City and county governments around Korea are offering “full moon” programs for tourists on the 15th day of every month of the Chinese calendar. The day is called daeboleum in Korean.
Yeongdeok County and Mungyeong City, both located in North Gyeongsang province, offer their own “moon-viewing” programs, as does the Gyeongju Silla Cultural Center, which launched its “Historic Travel to Silla under the Moonlight” program 12 years ago. An average of 4,000 people attend the center’s program every year.
Yeongdeok County recently began offering a “Welcoming full-moon mountain hiking” program, in which visitors can enjoy the scenery along the east coast around sunset on Saturdays.
The night walk takes two hours on a 6.7-kilometer (4-mile) loop that starts at Changpo Elementary School in Pohang and passes Satgat Peak, the wind power station and Haemaji Park. Around 2,000 people participated on the program’s first day on March 11; many were local residents.
“It was a wonderful course and my family and friends were all able to participate,” said Kim Mi-ah, 34, a Yeongdeok resident.
The county laid gravel over the walking path, installed guide lights and built parking lots for visitors. Lights were also installed on each of the five wind power turbines, and a monument with an inscription of a poem by Yun Seon-do, a Joseon Dynasty poet who was exiled to Yeongdeok, was erected.
Mungyeong City will also run a twice-monthly “Moonlight love tour at Mungyeongsaejae” program from April 8 to October 21. Many scholars in the Joseon Dynasty passed through Mungyeongsaejae, an uphill path to Hanyang (now called Seoul) to take the state examination. The moonlight program was held seven times last year, hosting 3,900 visitors. Due to the program’s popularity, the city now offers the event 14 times a year.
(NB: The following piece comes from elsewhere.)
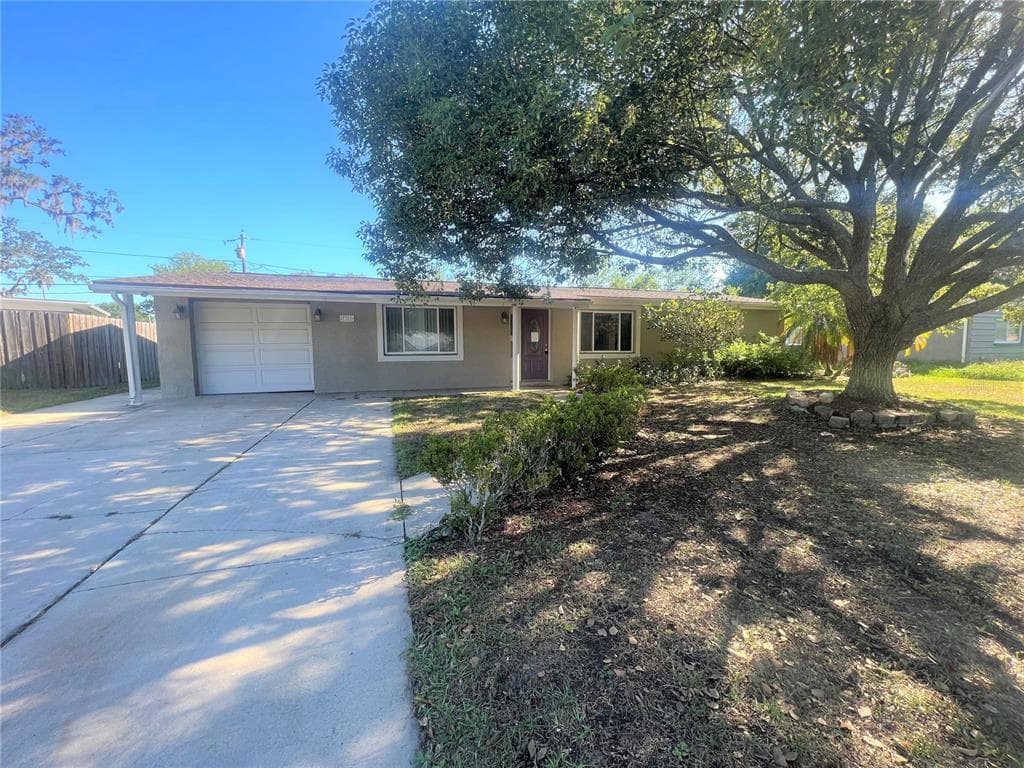 7353 BANNER STREET NEW PORT RICHEY, FL 34653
The moonlight program takes five hours, from 4 p.m. to 9 p.m. on Saturday. Participants walk between Mungyeongsaejae’s two gateways, a 6-kilometer round-trip.
Along the way, visitors can make wishes at Jangseung Park and eat rice balls and acorn-starch jelly at Joryeong Inn, where Joseon Dyanasty scholars used to stay. There will also be a violin performance at Gyogui pavilion, where Gyeongsang governors’ inauguration ceremonies were held during the Joseon Dynasty.